Apenas aos dezoito anos tive dinheiro suficiente para comprar minha primeira máquina. Uma máquina verde, portátil. Eu já havia feito curso de datilografia, datilografava com todos os dedos, rapidamente. Fiquei imitando Clarice Lispector, que dizia escrever com a máquina no colo enquanto olhava os filhos. Eu não tinha filhos, mas escrevia em qualquer lugar, usando o mesmo artifício clariceano - na sala, no quarto, na cozinha, no quintal, etc. Naquela época andava apaixonada demais por Carlos Drummond de Andrade e não pensei duas vezes: escrevi na própria máquina o nome "Drummondina" e colei na parte da frente da fulana.

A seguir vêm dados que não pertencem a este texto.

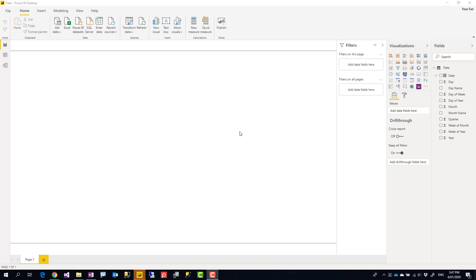Hello, this is Reza from Radacad. Today I'm going to talk about how you can use Power Query scripts in Power Platform dataflows and refresh them unlimited times at any frequency you want. This helps your Power BI solutions as well. Let's check it out.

Pronto, minha máquina agora tinha um nome singular.
Com essa máquina escrevi muita besteira - achando que estava fazendo coisa grande, começando minha vida de escritora. Eu me sentia o máximo, datilografando literatice, tentando preencher minha vida vazia de péssima literatura feita por mim. Com bons sentimentos, o que é o pior. Ah, aqueles sentimentos eram bons demais para se fazer boa literatura. Para onde foram esses textos só o grande rio de minha terra poderá dizer, e pelas mãos de mãe, que fez essa caridade. Eu andava na época tentando imitar Cecília Meireles, era um horror, saía cada coisa de doer.
Mais tarde dei de cara com um livro magistral, emprestado por um amigo: "Cartas a um jovem poeta", de Rilke. Após ler e perceber que não poderia ficar com ele (nunca fui de roubar livros), pensei numa tarefa extraordinária: datilografar o livro todo. Eu precisava ter aquele livro para ler em todas as ocasiões de minha vida. E a tarefa foi maravilhosa: bati rápido, terminei logo. Depois fiz uma capa e com minha própria letra desenhei com um hidrocor verde: "Cartas a um jovem poeta - Rainer Maria Rilke". Lembro que quando me apaixonei de verdade, pela primeira vez, emprestei esse livro datilografado àquele que acreditava ser o homem de meu destino. Nem sei se ele leu. Me entregou depois de muito tempo, após eu ter insistido bastante pela devolução, sem me dizer uma palavra. Foi o primeiro doloroso silêncio de amor da minha vida.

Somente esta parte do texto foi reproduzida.